THE Sage Group plc is a remarkable North-East success story.
Founded 25 years ago, the organisation has grown to become a world leading provider of business management software with 13,000 staff in a global operation that last year turned over £935m.
The Sage story starts in a printing works on Newcastle’s Quayside when business owner and entrepreneur David Goldman looked for a way to automate his print estimating process.
He worked with a team of Newcastle University students, led by Paul Muller, who developed some software to manage both print estimating and basic accounting.
David realised other companies would benefit from the software and formed a business to begin selling it.
Initially just a few sold, then when Amstrad launched its first desktop PC, the software was adapted to run on it.
Sales soared from around 30 to more than 300 copies a month.

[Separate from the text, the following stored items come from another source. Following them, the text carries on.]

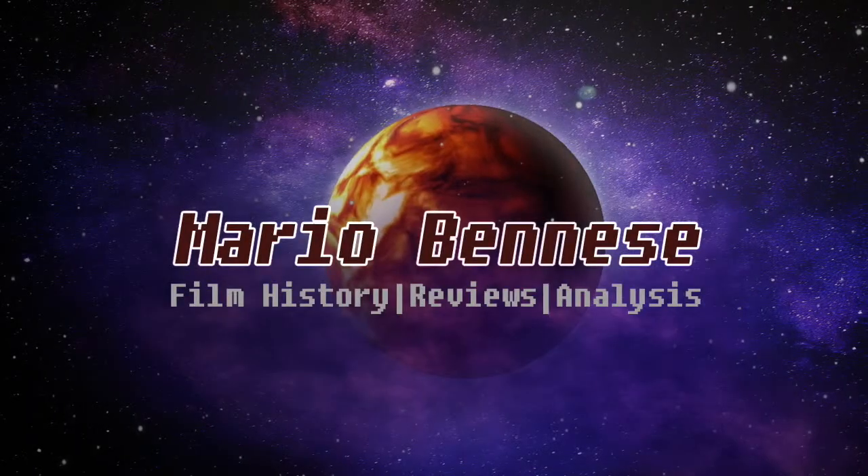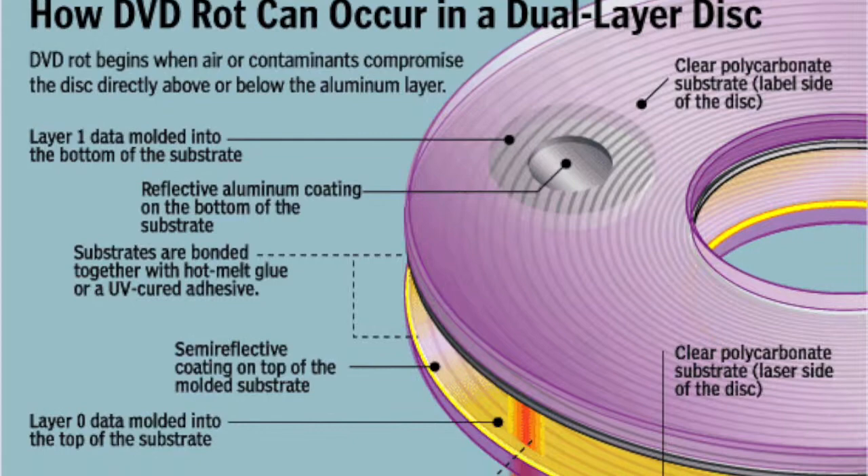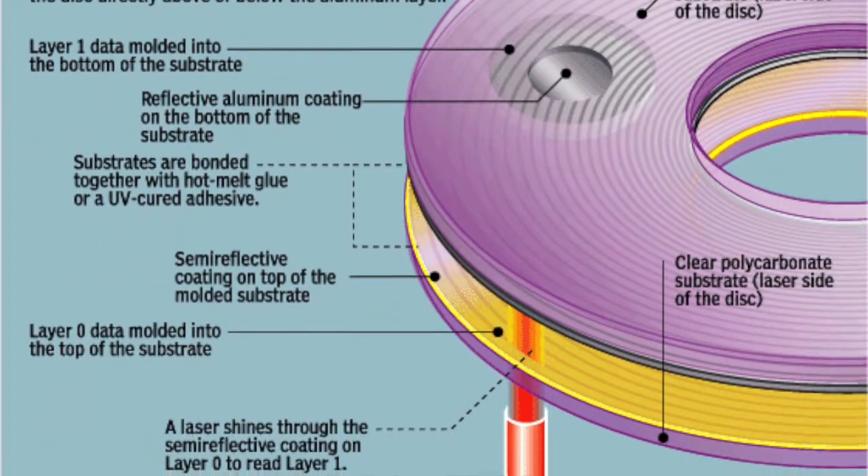You want to know what's scary? Disc rot. You want to know what's even scarier? We can't do anything about it. The way that a DVD is constructed is it's two pieces of plastic with a thin layer of aluminum sandwiched in between — a special kind that houses all the information on that disc. That shiny, reflective layer is that aluminum. Disc rot occurs when that layer erodes. The data is lost. The disc is unplayable.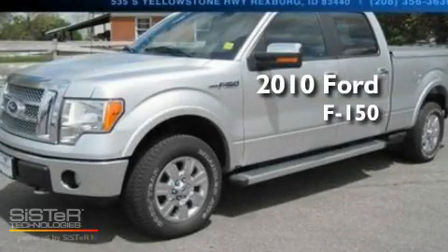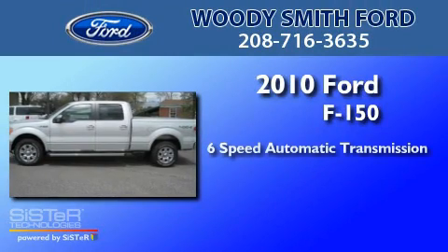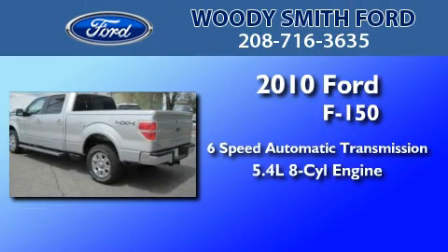This is a 2010 Ford F-150. This truck has a 6-speed automatic transmission and a 5.4-liter V8.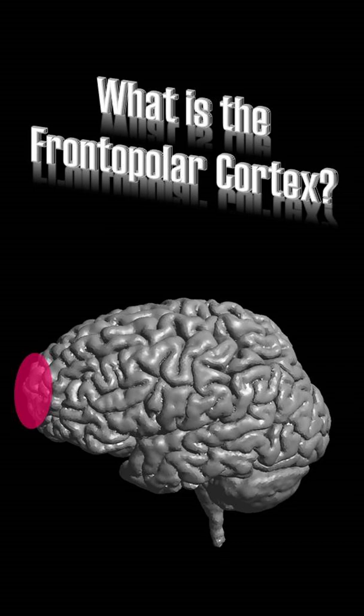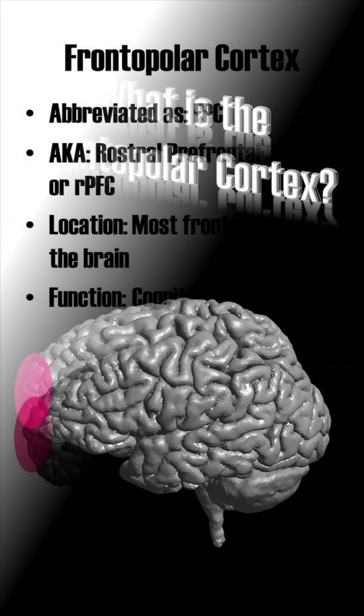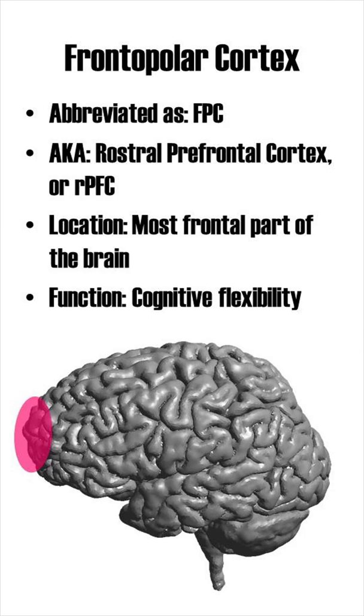What is the frontopolar cortex? Abbreviated as FPC and also known as the rostral prefrontal cortex, the frontopolar cortex is the most frontal part of the brain, and its function is cognitive flexibility.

To help manage demand and design more software to tap into the lucrative market, Sage recruited new staff, including a commercially-minded accountant to help run the business – Paul Walker – who is now the group’s chief executive and chairman of the Entrepreneurs’ Forum.

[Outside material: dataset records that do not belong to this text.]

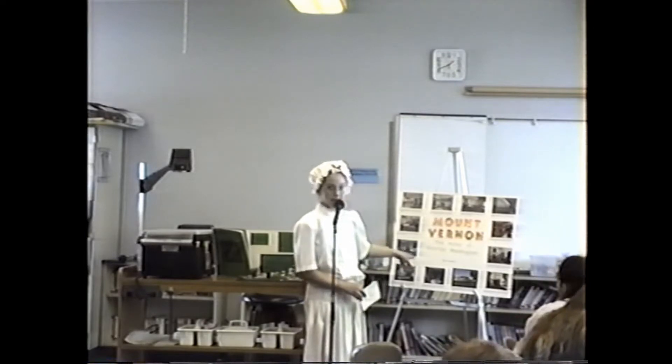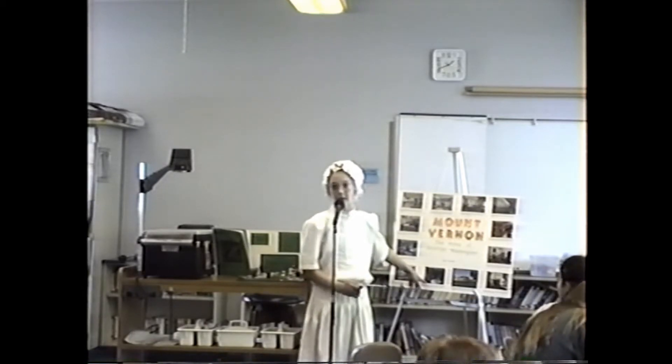This is the west parlor. It has a picture of George, who is about 40 years old in that. This is the large dining room. The table was stored away when it wasn't in use. Here's the small dining room. The family eats at this table every day when we don't have company.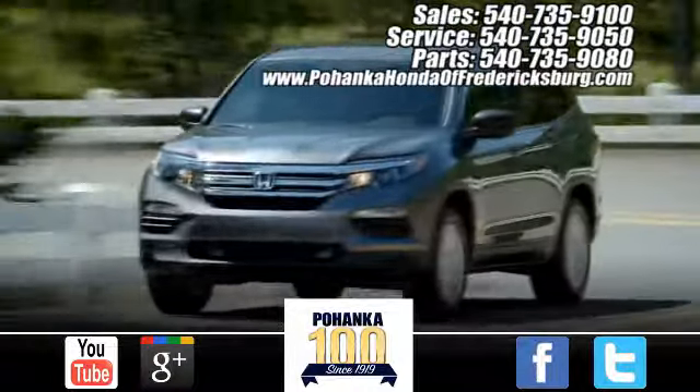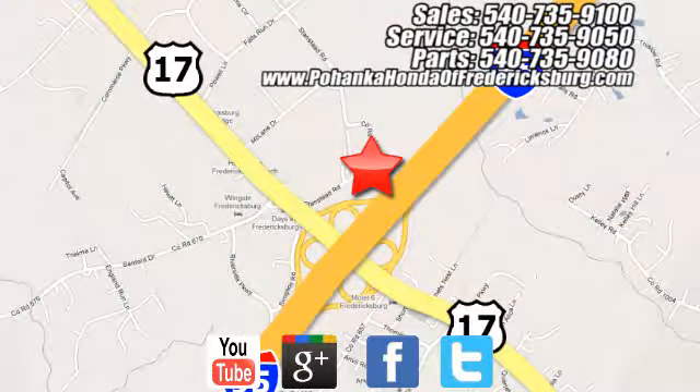Pohanka Honda of Fredericksburg is a great place to buy a car, conveniently located at 60 South Gateway Drive in Fredericksburg.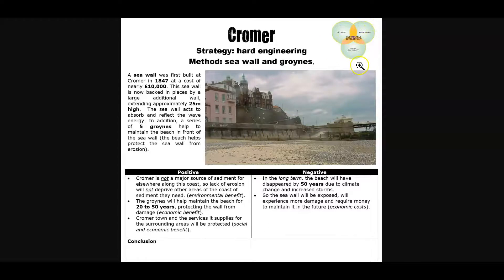You're trying to balance these factors over the long term. However, in the long term, because this is hard engineering, the beach is projected to disappear. We need to factor in climate change — the increased energy in the atmosphere and increased frequency of storms. The sea wall is going to be exposed, will experience more damage, and will require more money to maintain in the future. Those are the economic costs. You can draw your own conclusion: to what extent is this sustainable?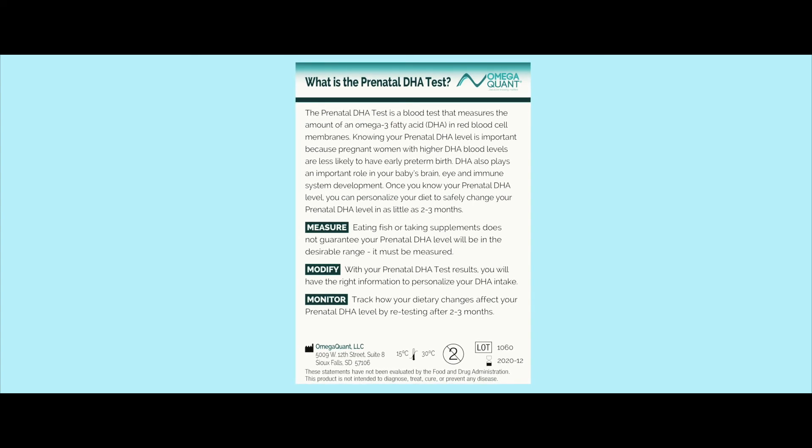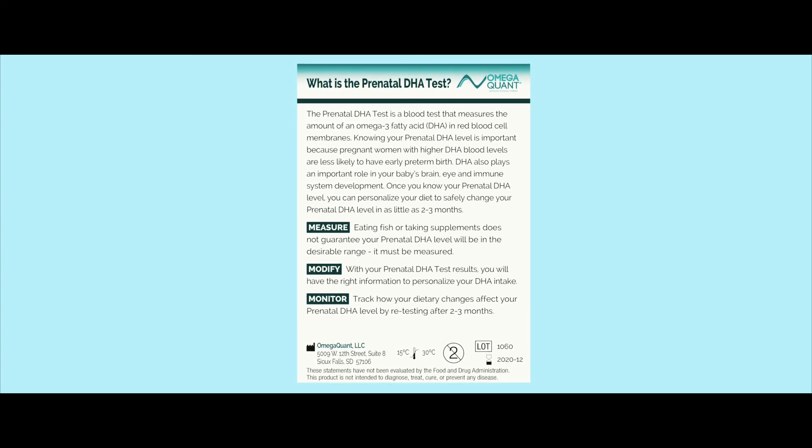We feel this is important because DHA has been shown to be an important nutrient during pregnancy — not only for the development of the baby, but also recently we've seen that DHA during pregnancy helps reduce the risk of early preterm birth.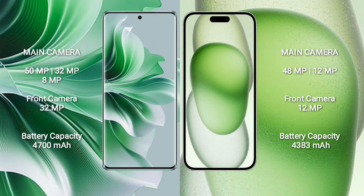Oppo Reno 11 Pro has a 4700mAh battery with 80W fast charging support. iPhone 15 Plus has a 4383mAh battery with 30W fast charging support.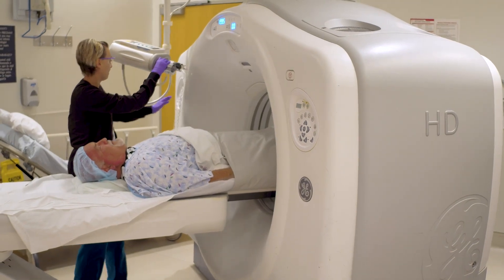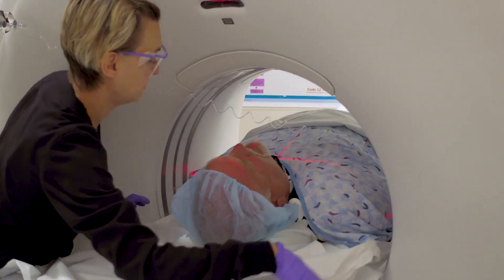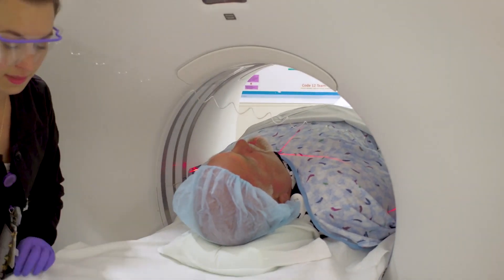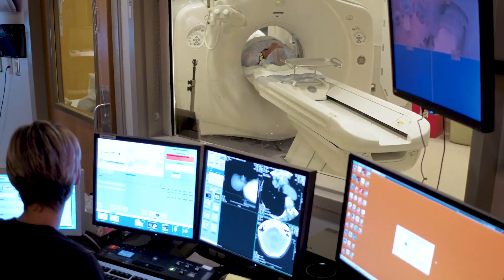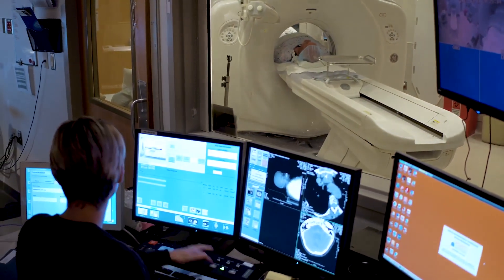The screening is fairly quick. It's a non-contrast chest CT, so you don't have to get an IV. You have to lay down — it's the small donut, not the long tube ones. It takes about 10 seconds to go through the CT scan and you'll get a report the same day.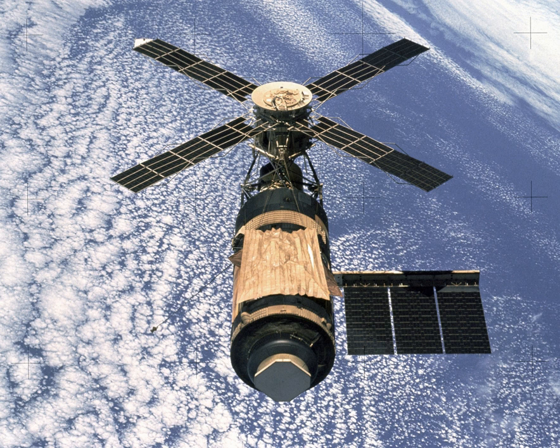From 1966 to 1974, the Skylab program cost a total of $2.2 billion, equivalent to $10 billion in 2010. As its three three-man crews spent 510 total man-days in space, each man-day cost approximately $20 million, compared to $7.5 million for the International Space Station.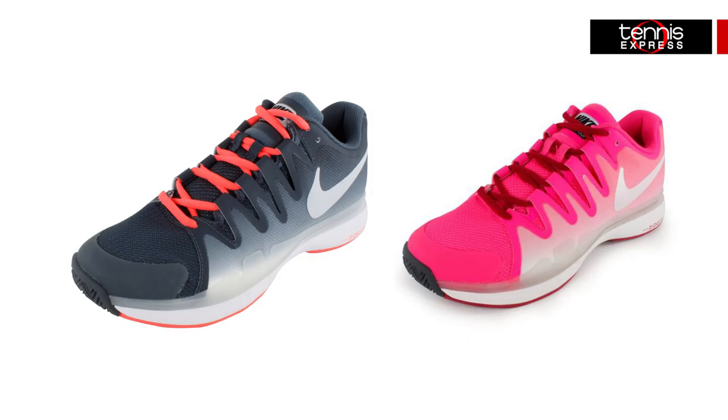Now both of these lovely ladies will be wearing the Zoom Vapor 9.5, though in different colorways. It's an excellent match play shoe that is incredibly lightweight and promises speed with its low to the ground profile. On a scale of 1 to 5, with 5 being the best, most customers give this shoe about a 10.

Paul Stobart was appointed managing director of Sage UK and Eire in May 2003 following the retirement of Graham Wylie.
Paul joined the company in 1996 and has worked in a number of roles, including business development director and chief operating officer for the Sage Group plc.
In his most recent role, he oversaw service and operational issues in the American, French and German operations.
Paul read law at Oxford before qualifying as a chartered accountant with Price Waterhouse in London in 1983.
He worked in investment banking for Hill Samuel and chaired the European business Interbrand plc, an international branding and marketing services company.
While at Interbrand, he was instrumental in developing techniques for valuing brands, a practice that has since become well established as a means of monitoring the effectiveness of marketing investment in many of the world’s leading brands.
Paul freely admits that it’s a rare privilege being a marketing man with an accounting background.
He says: “It means that marketing departments can’t get away with unrealistic budget requests, but it also means that finance can’t demand cuts in spend that will harm the business. It’s all about getting the balance right.”
Sage, of course, has gone from strength to strength, floating on the London Stock Exchange in 1989 and entering the FTSE 100 in 1999.
Today 700,000 businesses in the UK alone rely on Sage to manage their key business processes and one in four people in the UK are paid using Sage Payroll.